Davacının ileri sürdüğü yargılama hususu henüz derdest olup davalının kesinleşmiş bir mahkumiyetinin olmadığı anlaşılmıştır. Ayrıca TTK md 630/2’ye istinaden her ortak, haklı sebeplerin varlığında, yöneticilerin yönetim hakkının ve temsil yetkilerinin kaldırılmasını veya sınırlandırılmasını mahkemeden isteyebilir. denmiştir.
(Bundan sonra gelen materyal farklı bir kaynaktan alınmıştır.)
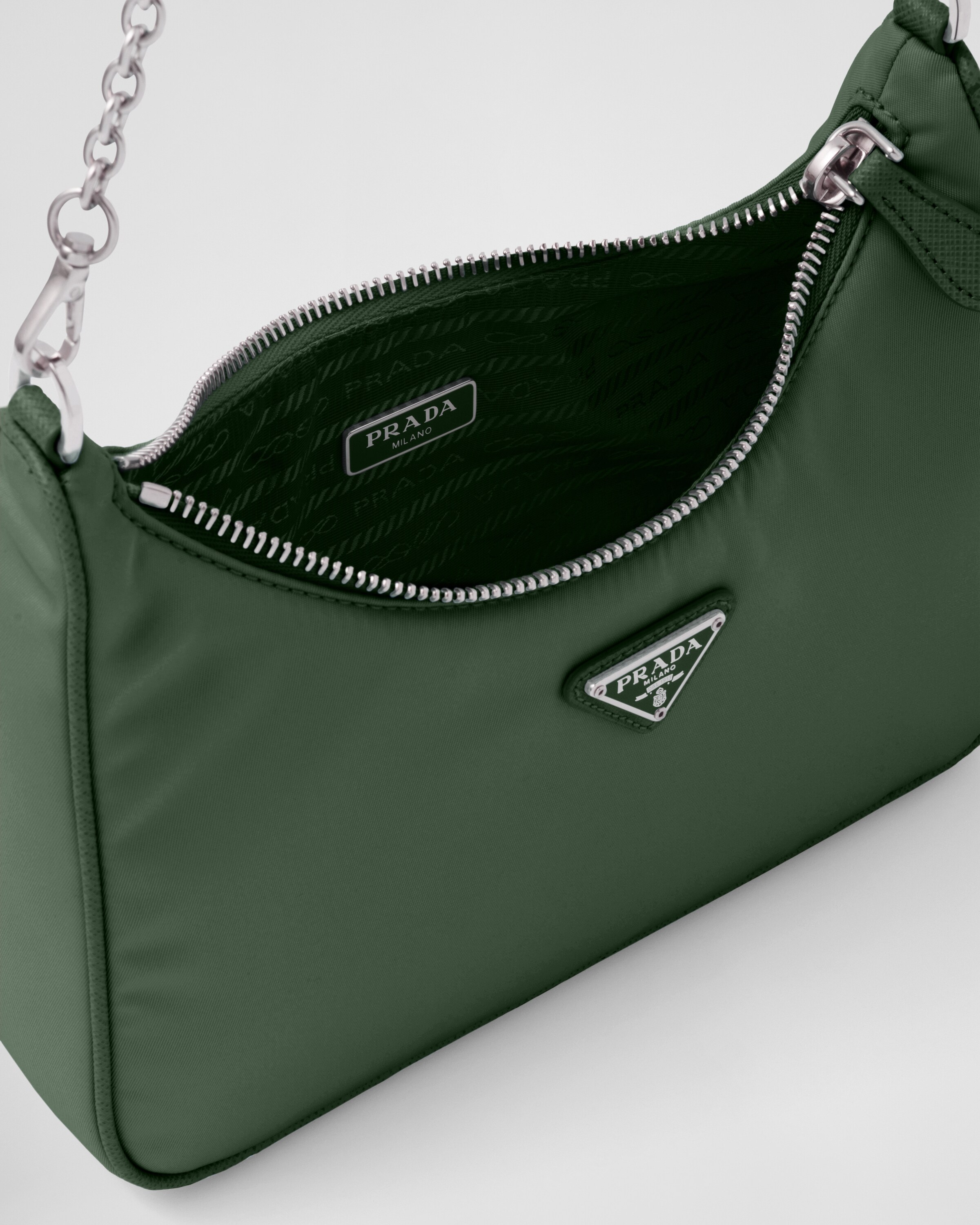 Prada حقيبة Prada Re\u002Dedition 2005 من قماش Re\u002DNylon 5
Burada davacı haklı bir sebep ileri sürmediği gibi davasını sadece derdest ceza yargılamasına dayandırdığı dikkate alındığında davacının davalı yönünden Silivri AĞır Ceza mahkemesindeki derdest ceza yargılaması tek başına yöneticinin azli sebebi olmamakla birlikte davalının Yönetici seçilme engeline dair ortada kesinlemiş bir mahkumiyet kararı da bulunmadığından , tüm bu nedenlerle; davanın tümden reddine dair karar vermek gerekmiş ve aşağıdaki şekilde hüküm kurulmuştur.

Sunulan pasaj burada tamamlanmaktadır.